Убедительна ли эта пародия? Думаю, что нет. История получения фантастического «голубого сала» разворачивается в «тоталитарных» декорациях невразумительно, судорожно, без какой-либо рефлексии: совершенно непонятно, почему голубое сало должно прийти из будущего, зачем оно нужно Сталину и Гитлеру, почему Сталин впрыскивает его себе в мозг. Практически каждый сюжетный поворот, связанный с голубым салом, в этой части романа Сорокина выглядит необъяснимым, как перипетии дурного боевика. Не говоря уж о том, что весь сорокинский «перевертыш тоталитаризма» предательски выдает бинарную логику созданной им конструкции: структура советского мифа сохранена в неприкосновенности, только все запрещенное становится здесь разрешенным, все вражеское — дружеским, все насильственное — сексуализированным, а все возвышенное оборачивается низменным (прямой результат этого «переворачивания» — карикатурность в изображении Ахматовой, Мандельштама и Бродского). Такая инверсия — еще одно свидетельство того, как трудно преодолеть наследие модернизма и в особенности — авангардного утопизма. Так что «развод» Сорокина с модернизмом оказывается чистой декларацией о намерениях. Как ни странно, «деконструкция» не удается именно потому, что Сорокин остается близким отводком от дерева русского модернизма. Увы?
Мифология потребления
Разрыв Пелевина с модернистской традицией еще более двусмыслен. Это особенно отчетливо видно, если сопоставить «Generation „П“» с другими пелевинскими текстами. Скажем, с «Чапаевым и Пустотой».
Поэт-декадент Петр Пустота и главный герой нового романа — «криэйтор» рекламных текстов и концепций Вавилен Татарский — в сущности говоря, антиподы. Пустота не знает, какая из известных ему реальностей реальна, а какая фиктивна. Но он сам выбирает для себя тот мир, в котором он — комиссар Чапаева, и следует этому выбору со всей возможной последовательностью.
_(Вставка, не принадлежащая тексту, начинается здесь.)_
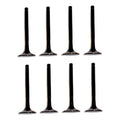Set 8 Valvulas Escape Compatible Scion Xb 2.4l L4 08-15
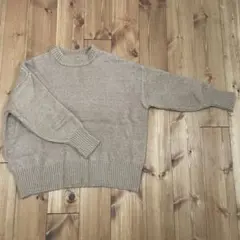 ZARA ニットセーター 長袖 ベージュ EUR 5
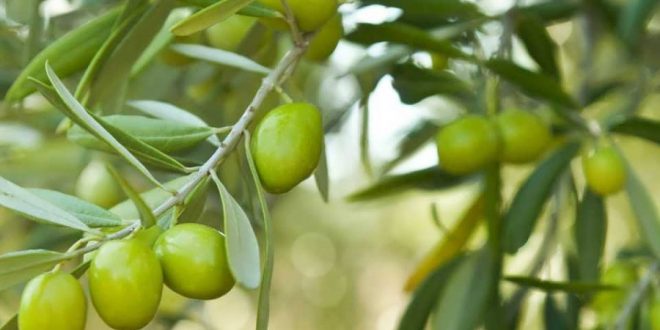 Maroc production agrumes olives dattes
Татарский целиком и полностью принадлежит данной, то есть сегодняшней, реальности, и для того, чтобы выйти за ее пределы, ему нужны стимуляторы вроде мухоморов, дурного героина, ЛСД или, на худой конец, планшетки для общения с духами.
Пустота проходит путь философского «просвещения» и, в конце концов, обретает способность «выписаться из больницы», иначе говоря — по примеру Чапаева — создавать свою реальность. Татарский тоже, казалось бы, проходит путь возвышения от ларечного «реализатора» до живого бога, главы некоего тайного ордена, Гильдии Халдеев, поставляющей России иллюзорную реальность. Но на самом деле его возвышение предопределено его именем, составленным из «Василия Аксенова» и «Владимира Ильича Ленина» и лишь случайно совпавшим с «именем города». Именем, то есть «брендом». А, как шуткует коллега Татарского по рекламным делам, «у каждого бренда — своя легенда». Вавилен Татарский — такая же вещь, такой же продукт, как и то, что он рекламирует.